=== Exercise details ===
Write out the records in full, exactly as given, but without the images.

=== Entries provided ===
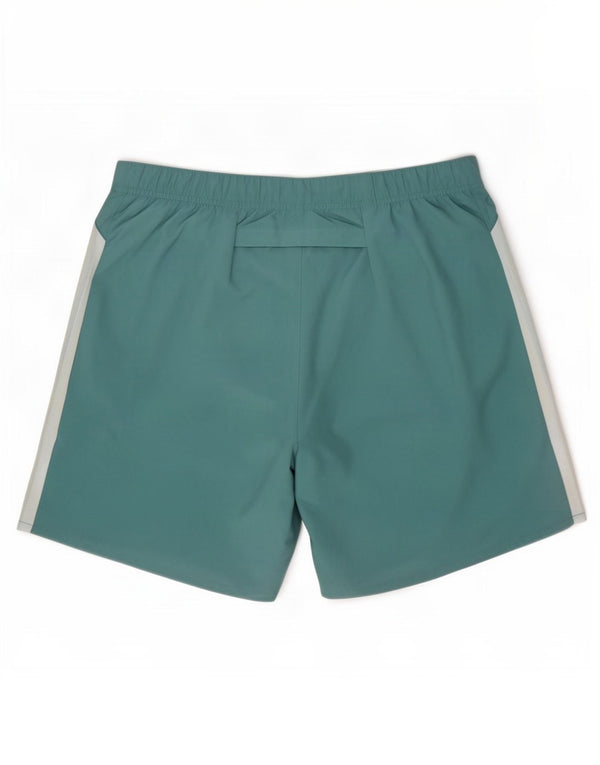 Nike Mens Dri Fit Sport Shorts Medium Blue Colourblock Polyester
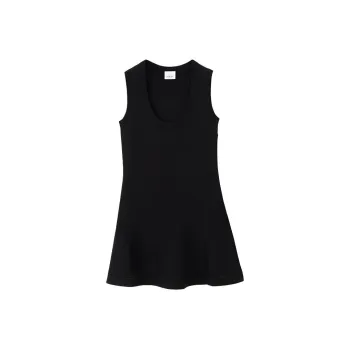 Burberry Sleeveless Dresses Women's Black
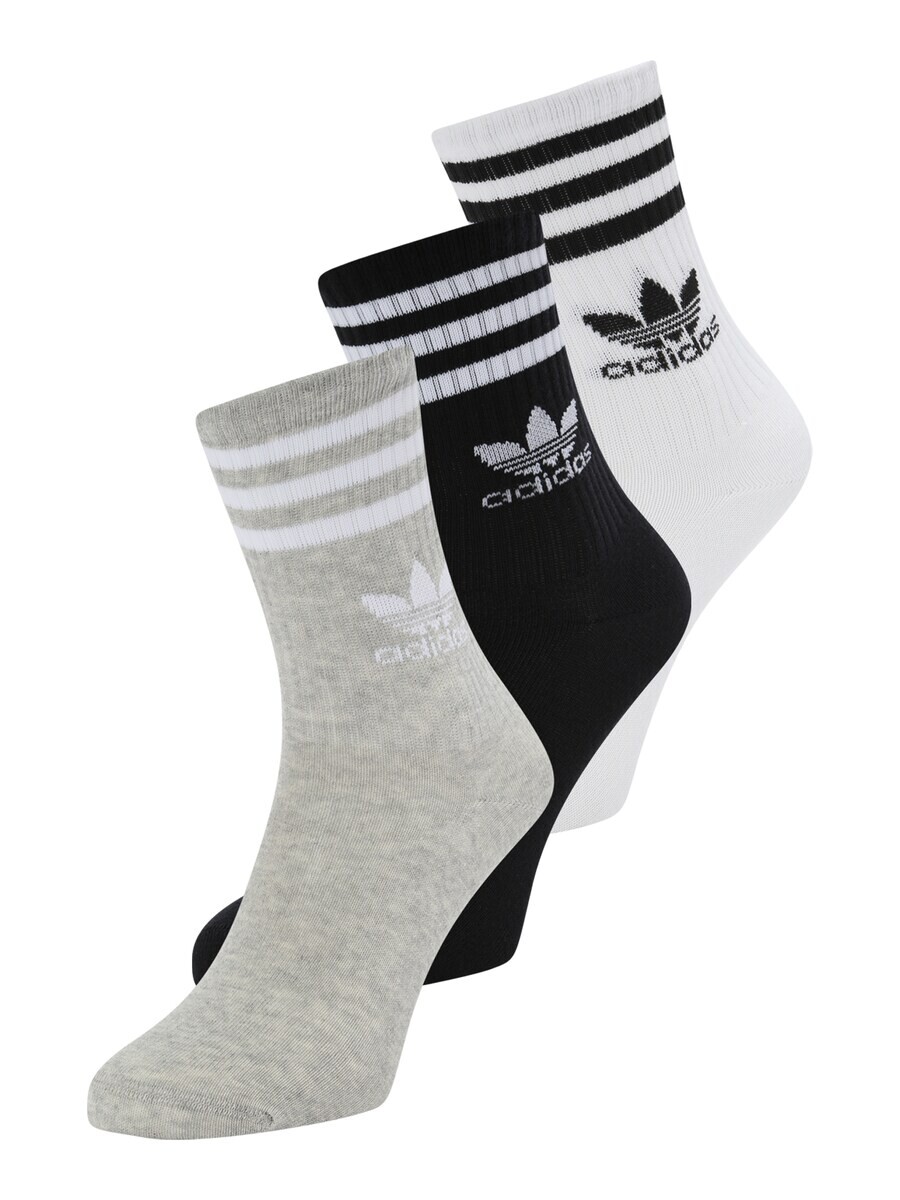 

Носки ADIDAS ORIGINALS Socks, пятнистый серый/черный/белый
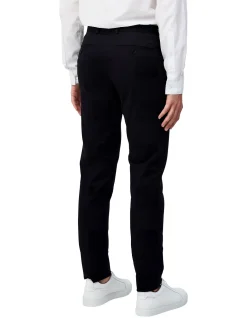 Stretch Mercerised Cotton Pant Navy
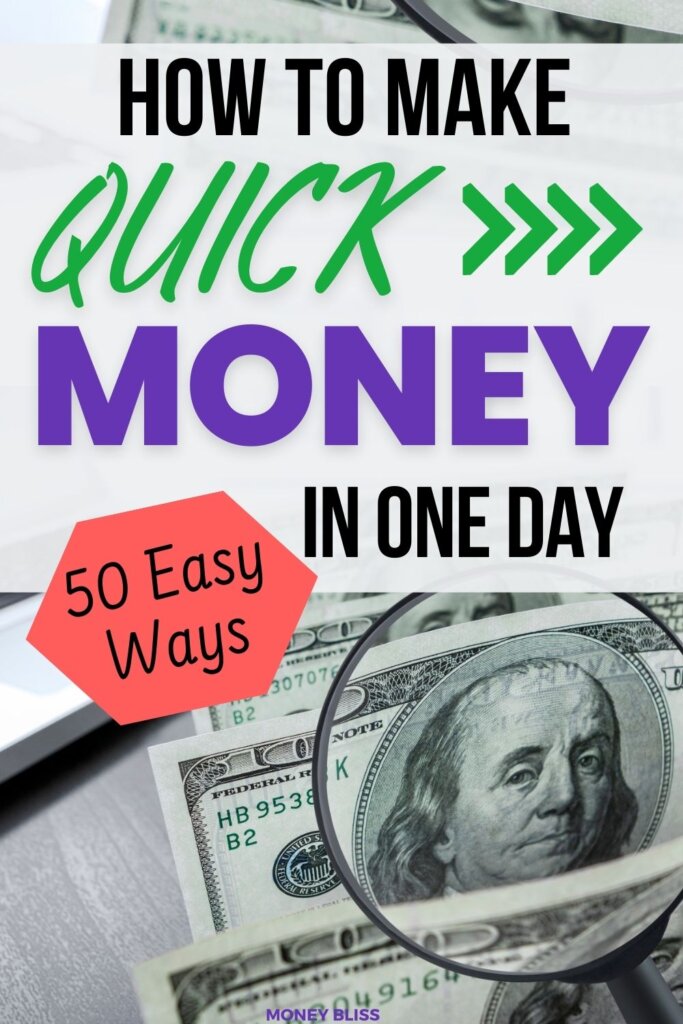 Do you want to make quick money? If so, you'll love this collection of ways to make cash in one day. Start these tasks and start making extra cash fast.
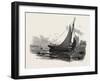 French Canadian Life, Loading a Batteau at Low Tide, Canada, Nineteenth Century-null-Framed Giclee Print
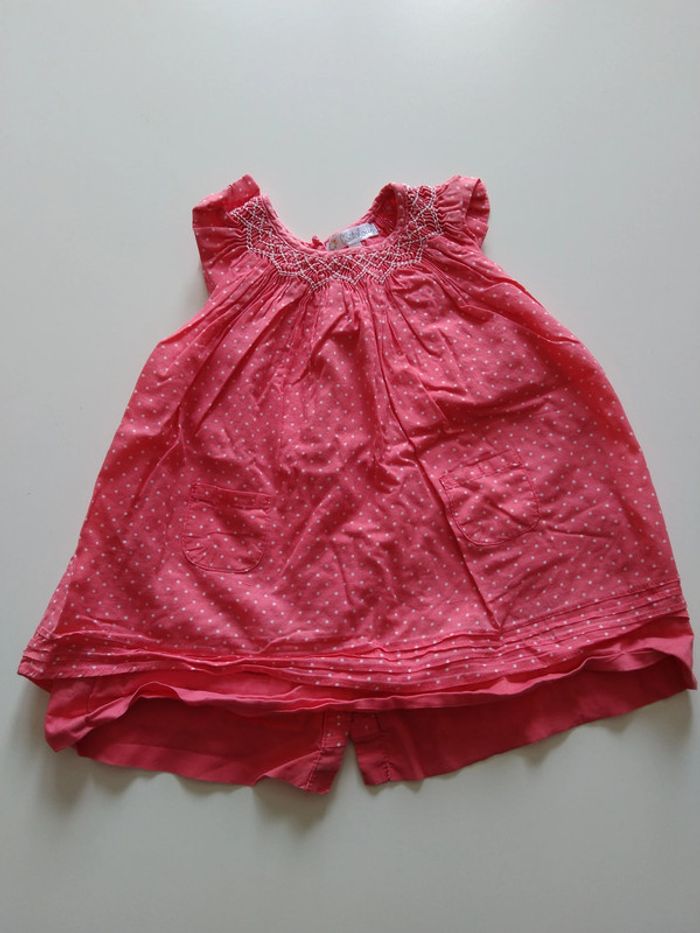 robe corail à pois fille 9 mois kitchoun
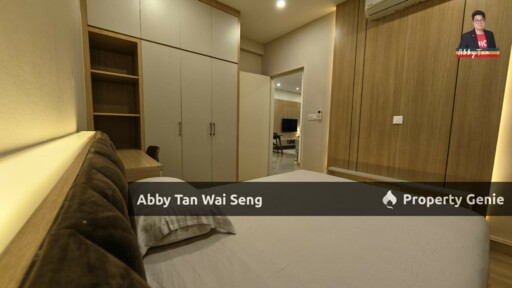 Kingfisher Inanam | Top Floor Hill View | Fully Furnished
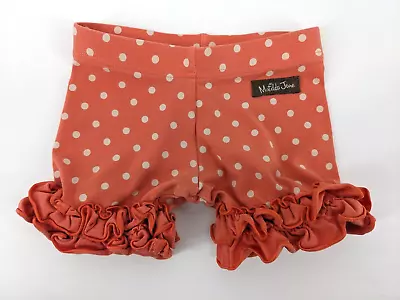 Matilda Jane Coral Polka Dot Ruffle Shorts Shorties Baby Girl Size 2 • $5.99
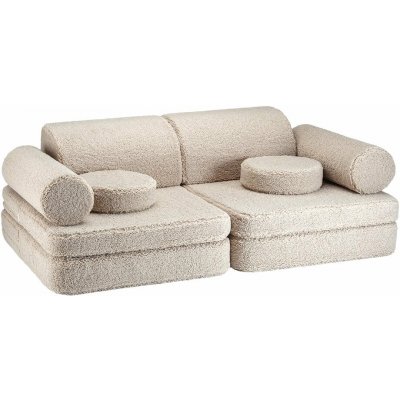 Wigiwama Settee dětská pohovka hnědá/světlá 132 cm 46 cm 78 cm – Zboží Mobilmania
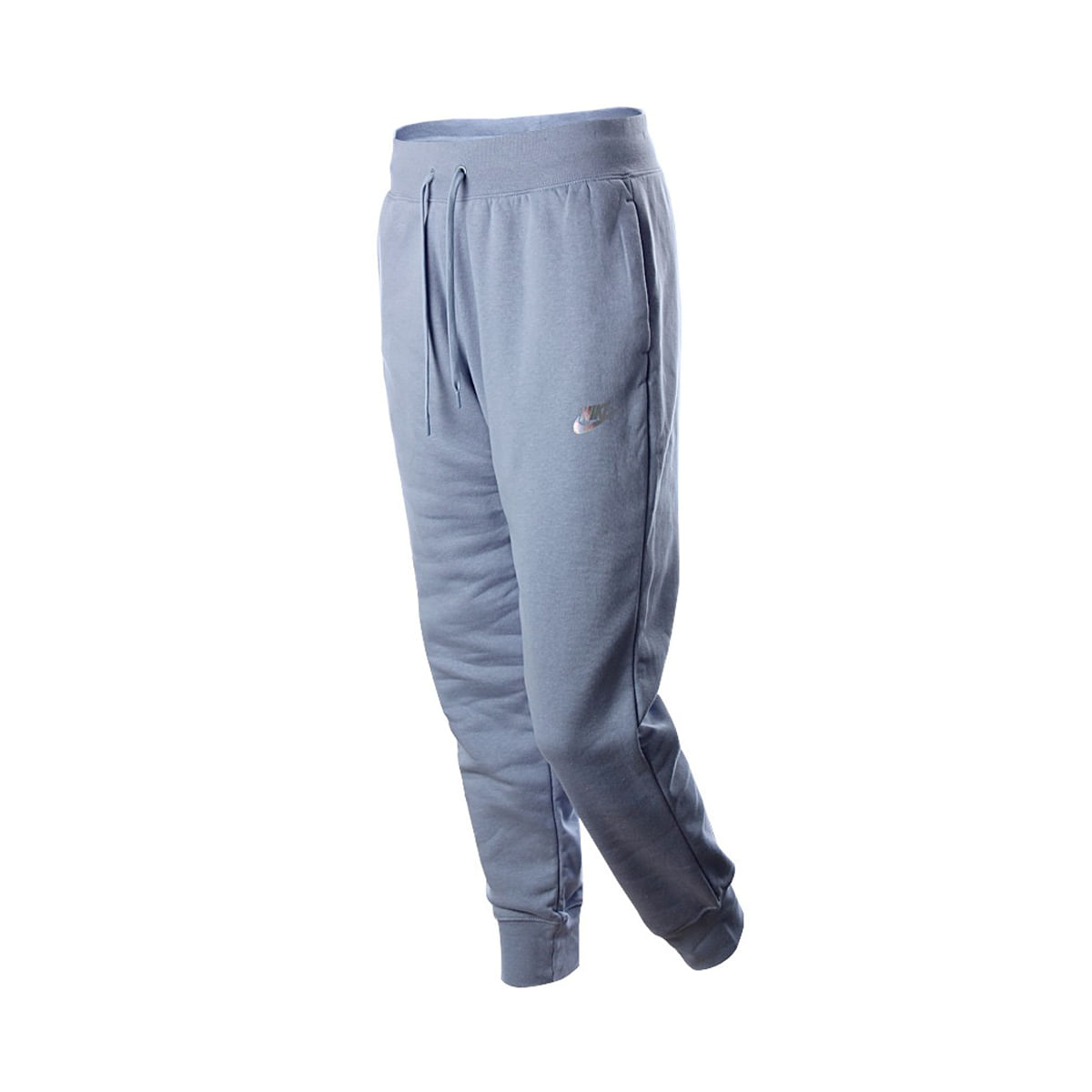 Nike W Nsw Pant Flc Metallic Gx Pantalón gris de mujer lifestyle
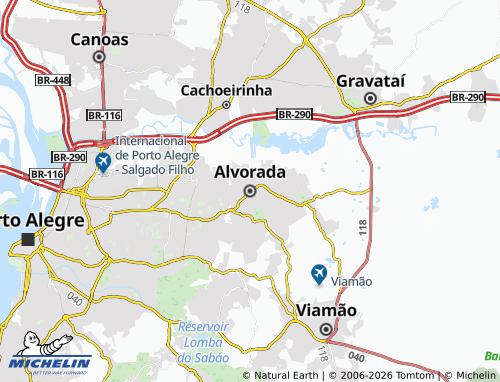Mappa MICHELIN Alvorada - ViaMichelin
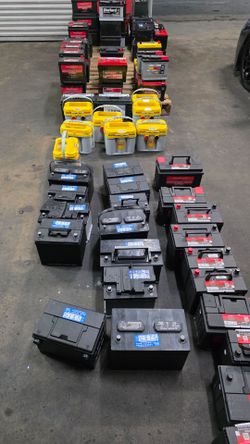 Car Battery 24f H5 34 78 65 48 49 47 H6 H7 51r 94r 86 H8 H9 Truck SUV And Car Batteries with Warranty. $60 + Core. Bateria para cualquier carro COVINA
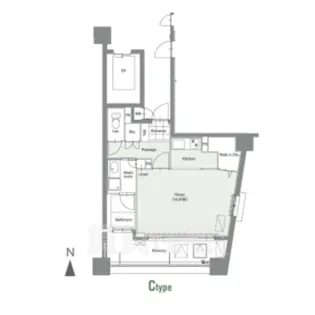 グラン・アベニュー鶴舞【3階】の間取り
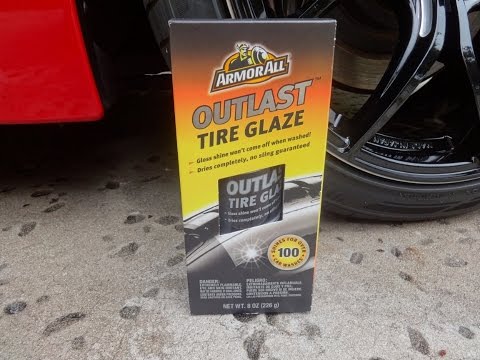 Armor All Outlast Tire Glaze Review and Test Results on my 2009 Nissan 370z.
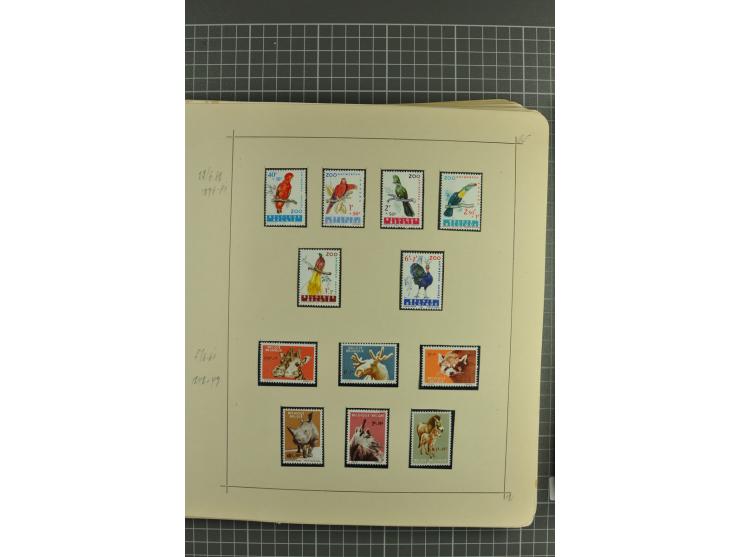 1849/1970, enorm inhaltsreiche Sammlung beginnend mit Mi.-Nr. 1 und 2 mit je über 60 Exemplaren inkl. Paaren und Briefen, des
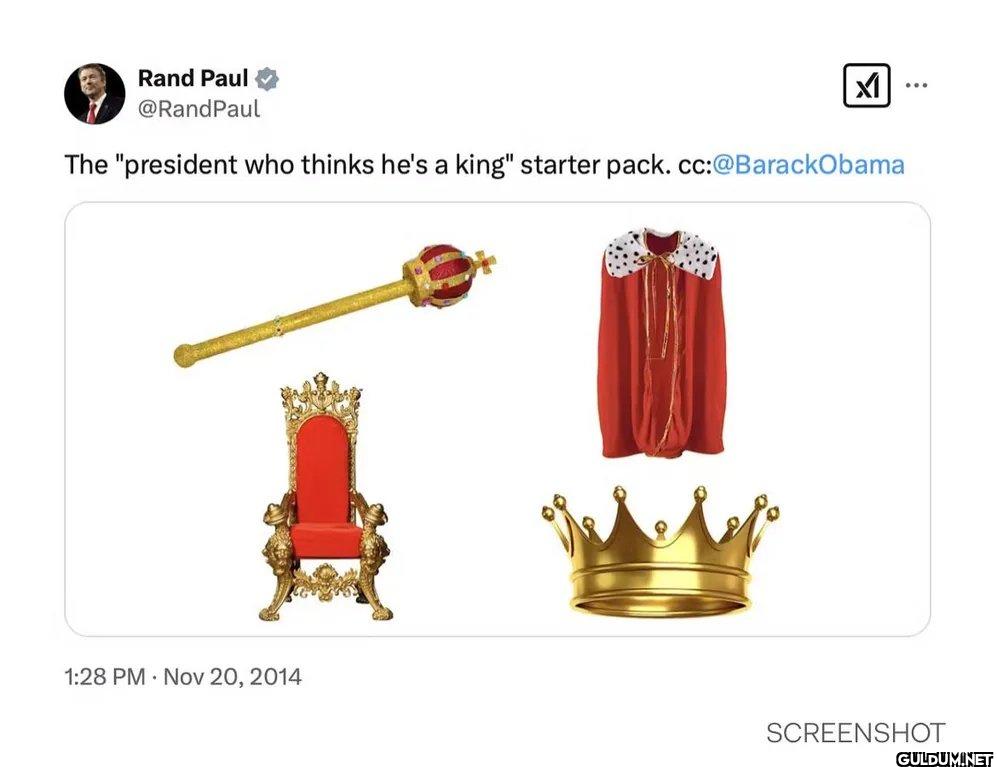 וא The "president who...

=== Solution to this exercise ===
 Nike Mens Dri Fit Sport Shorts Medium Blue Colourblock Polyester
 Burberry Sleeveless Dresses Women's Black

Носки ADIDAS ORIGINALS Socks, пятнистый серый/черный/белый
 Stretch Mercerised Cotton Pant Navy
 Do you want to make quick money? If so, you'll love this collection of ways to make cash in one day. Start these tasks and start making extra cash fast.
 French Canadian Life, Loading a Batteau at Low Tide, Canada, Nineteenth Century-null-Framed Giclee Print
 robe corail à pois fille 9 mois kitchoun
 Kingfisher Inanam | Top Floor Hill View | Fully Furnished
 Matilda Jane Coral Polka Dot Ruffle Shorts Shorties Baby Girl Size 2 • $5.99
 Wigiwama Settee dětská pohovka hnědá/světlá 132 cm 46 cm 78 cm – Zboží Mobilmania
 Nike W Nsw Pant Flc Metallic Gx Pantalón gris de mujer lifestyle
Mappa MICHELIN Alvorada - ViaMichelin
 Car Battery 24f H5 34 78 65 48 49 47 H6 H7 51r 94r 86 H8 H9 Truck SUV And Car Batteries with Warranty. $60 + Core. Bateria para cualquier carro COVINA
 グラン・アベニュー鶴舞【3階】の間取り
 Armor All Outlast Tire Glaze Review and Test Results on my 2009 Nissan 370z.
 1849/1970, enorm inhaltsreiche Sammlung beginnend mit Mi.-Nr. 1 und 2 mit je über 60 Exemplaren inkl. Paaren und Briefen, des
 וא The "president who...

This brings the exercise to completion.